Et pour la une, comment ça marche ?
D. : Le thème est donné par le comité de rédaction ; des fois, c’est un peu vague, et il faut interpréter. Mais il y a aussi des thèmes généraux qui reviennent régulièrement – on sait très bien qui sont nos ennemis – et là on peut avoir des dessins déjà faits qui collent bien pour la une ou des articles sur la pollution, la répression, sur des tas de choses, des tas de sujet. D’un point de vue pratique, on se répartit la une gentiment, sans s’énerver. En général, on se laisse toujours un peu de temps, on ne se précipite pas. S’il y en a un qui est chaud pour la faire, il se manifeste ; on demande toujours si ça ne dérange pas. Et s’il y en a un qui répond qu’il avait une idée déjà bien avancée, on lui laisse. Il y a toujours de la place pour prendre la une ; il y en a une chaque semaine, ça tourne.
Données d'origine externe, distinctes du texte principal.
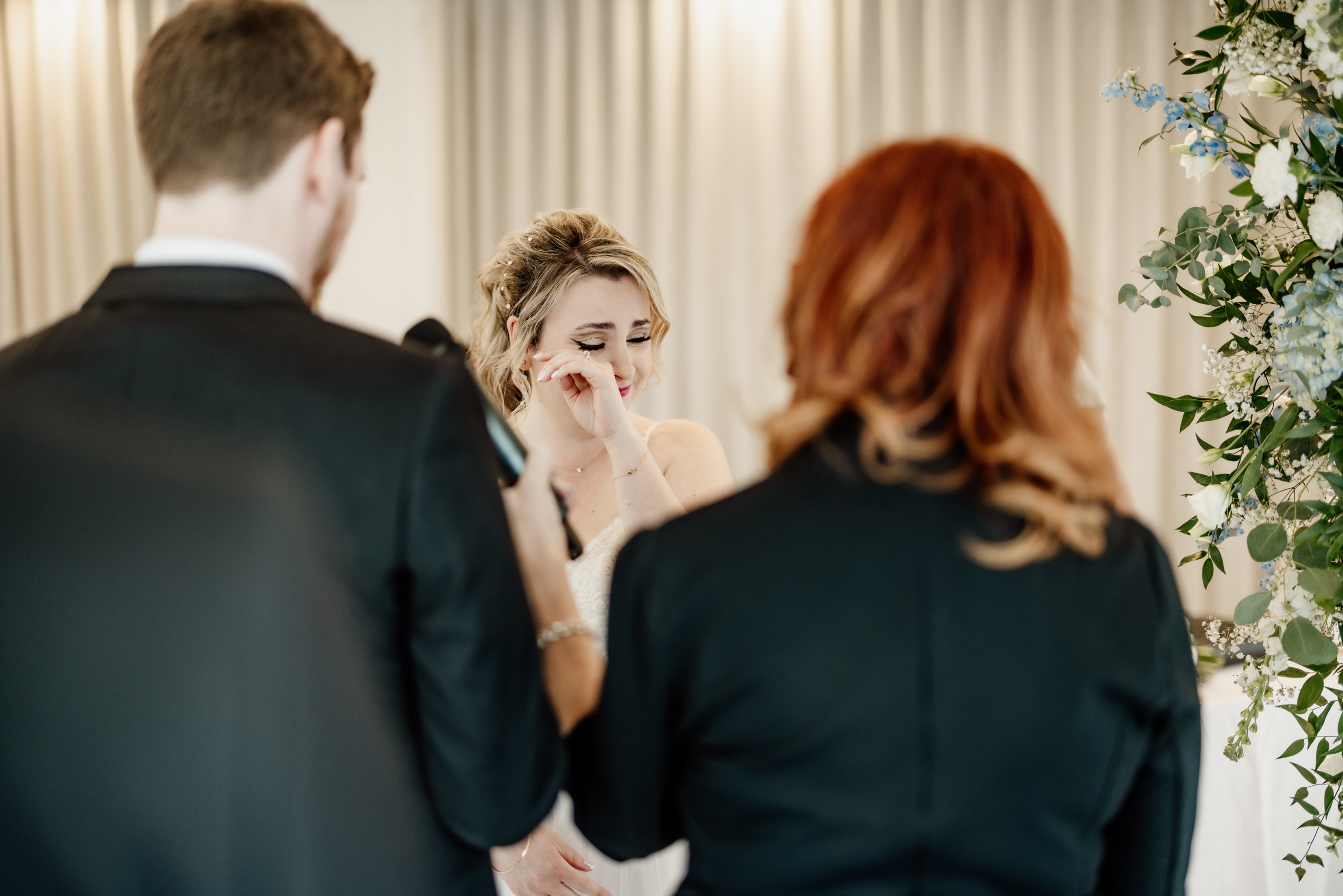 emotional bride wedding ceremony gate house wedding photographer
C’est comme pour les articles, on ne va pas se battre ; à la limite, si on était rémunérés, peut-être que ça engendrerait un mauvais climat, mais là non, travailler bénévolement permet aux gens de le faire en bonne amitié et en toute simplicité ; et puis si des fois, on est pas disponible, on ne le fait pas et puis ce n’est pas grave.
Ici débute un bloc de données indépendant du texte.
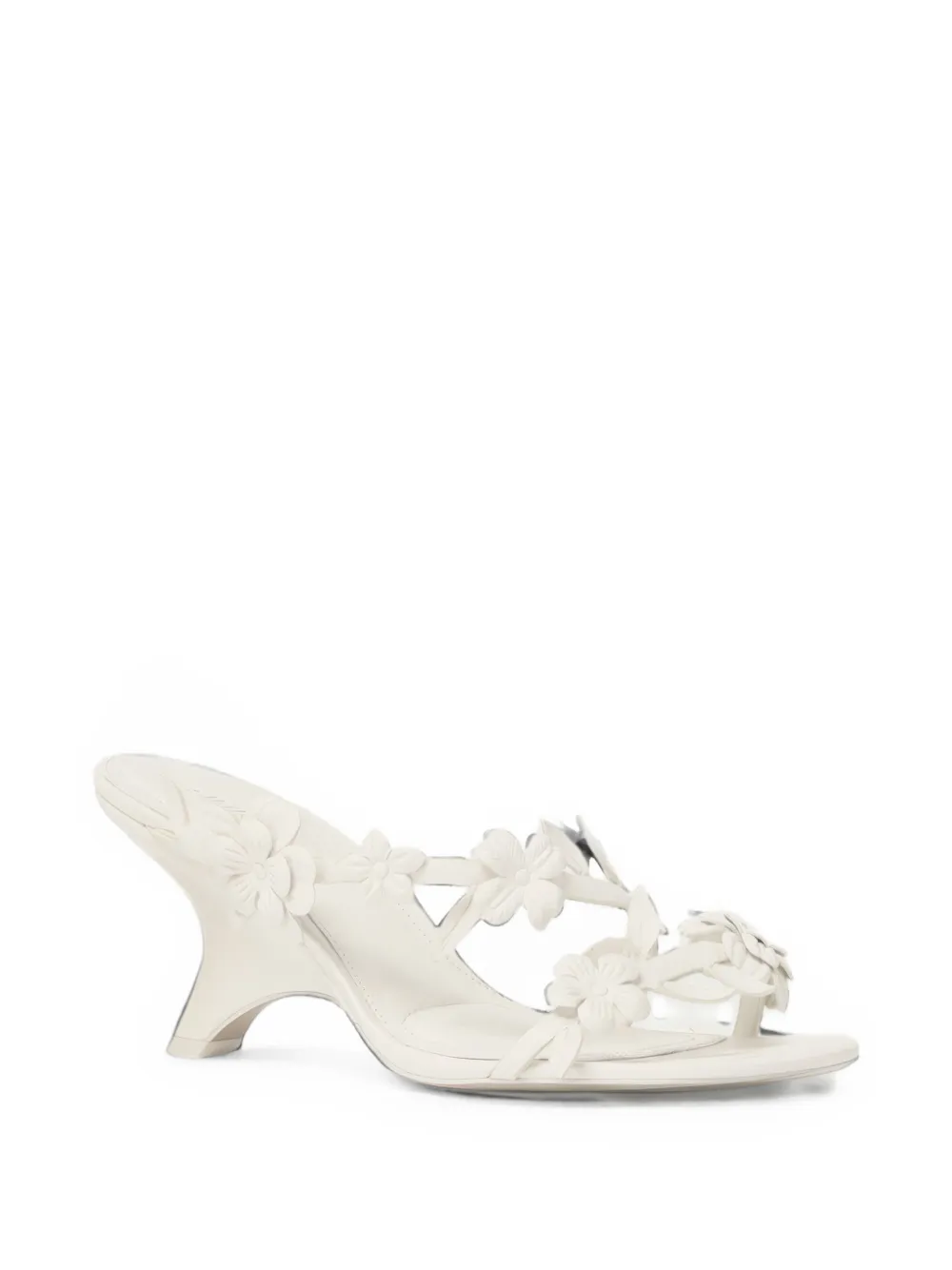 SIMKHAI Willow floral-appliqué leather sandals Wit
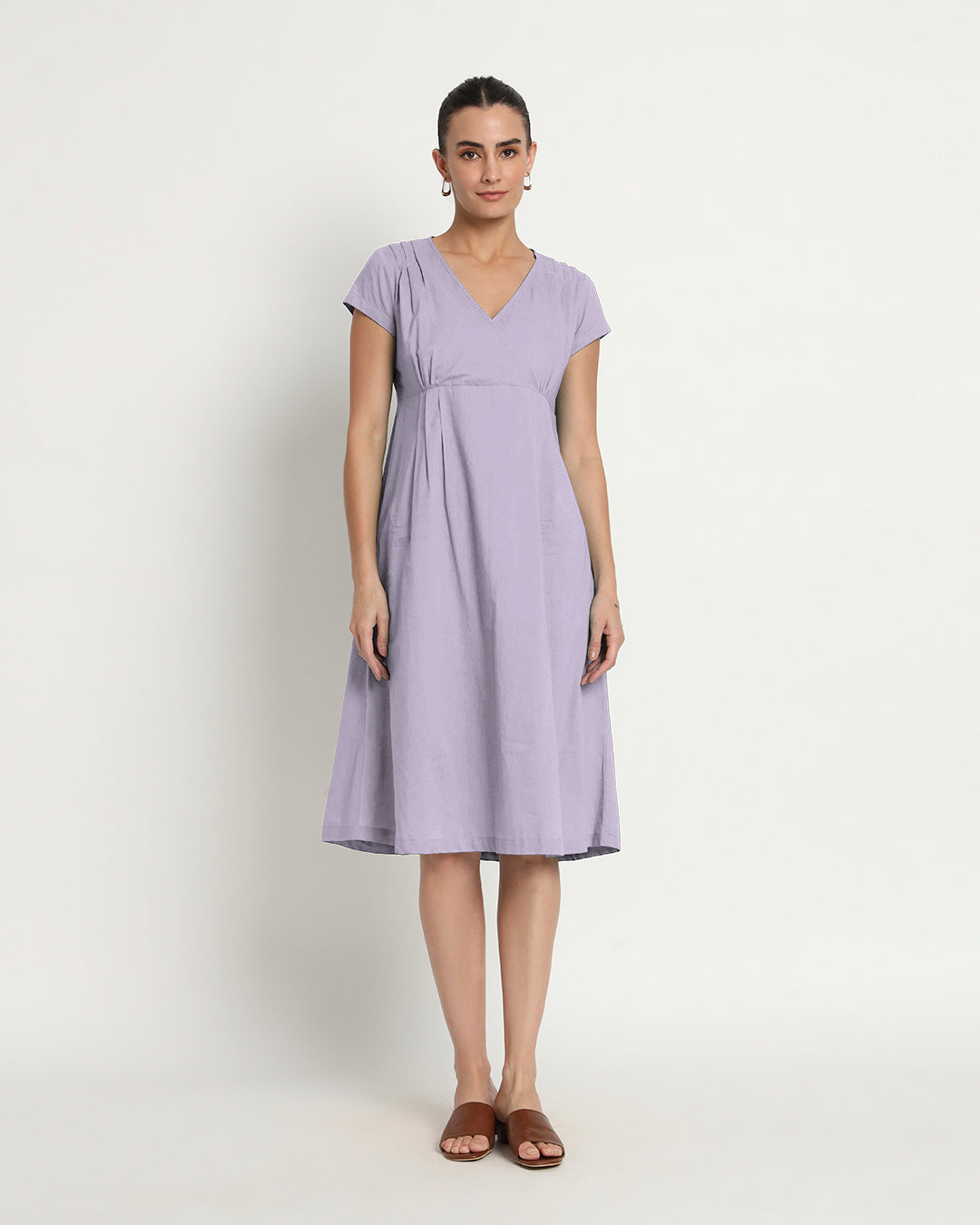 Lilac Voguish Verve V Neck Dress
Et le journal, comment vit-il cette explosion artistique ?
M. L. : C’est une expérience exceptionnelle. Des fois, c’est un peu rugueux parce qu’à la rédaction on attend énormément avant le bouclage : qui c’est qui va faire, qui c’est qui fait pas ? Et puis tiens, suspense, ça arrive. « Ah ! la Une promise... elle nous plaît pas ! » Enfin bon, ça se renégocie, et c’est ça qui est intéressant entre un comité de rédaction et un dessinateur ou une dessinatrice qui a pris le temps de produire un truc qui demande énormément de travail personnel, et des fois ce n’est pas ce qu’on veut. Mais c’est parce qu’on a affaire à de vrais talents de graphistes qui ne sont pas forcément dans l’élan d’une presse ; on a eu des discussions comme ça très souvent, et on renégocie, on recalibre et puis ça recause et heureusement, ça se passe dans un bon esprit et autour de quelques bières… Et c’est bien parce que se sont de vrais artistes que cela apporte tellement au journal !


Propos recueillis par Monique, individuelle des Yvelines.